O candidato ao Senado pela federação PSOL-Rede, Francinaldo Leão, defendeu, em entrevista ao O Dia nesta segunda-feira (17), uma mudança na forma como os recursos federais são aplicados no Piauí. O candidato criticou o modelo atual de distribuição de emendas parlamentares, que, segundo ele, beneficia mais as alianças políticas entre senadores, deputados e prefeitos do que a população na ponta.
Francinaldo afirmou que, se eleito, pretende promover o que chamou de uma "desintermediação" política dos recursos. Segundo o candidato, o papel de um senador deveria ser de aproximação com a população, direcionando obras às necessidades reais das comunidades, o que garantiria que o dinheiro chegasse aos municípios sem passar pela gestão dos prefeitos, evitando, segundo ele, possíveis desvios para interesses pessoais.

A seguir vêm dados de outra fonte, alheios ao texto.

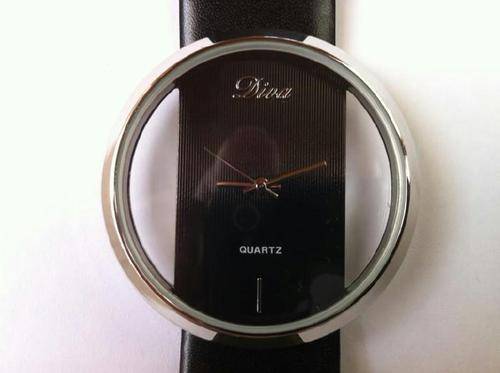***ULTRA LUXURIOUS DIVA Quartz Stainless Steel Watch***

Questionado sobre como essa proposta funcionaria na prática, já que os recursos tecnicamente precisam tramitar pelas prefeituras, Francinaldo Leão afirmou que o controle social seria a base de sua atuação.
"A gente tem que fazer essa fiscalização. O que acontece hoje é que o dinheiro é destinado para o prefeito, o prefeito faz o que quer, tem todos os vereadores da prefeitura lá para aprovar as contas mesmo sabendo que está irregular. Eu pretendo colocar a emenda, mas também fiscalizar para saber o que está acontecendo com o dinheiro público, a gente pode colocar um comitê para poder acompanhar essas obras".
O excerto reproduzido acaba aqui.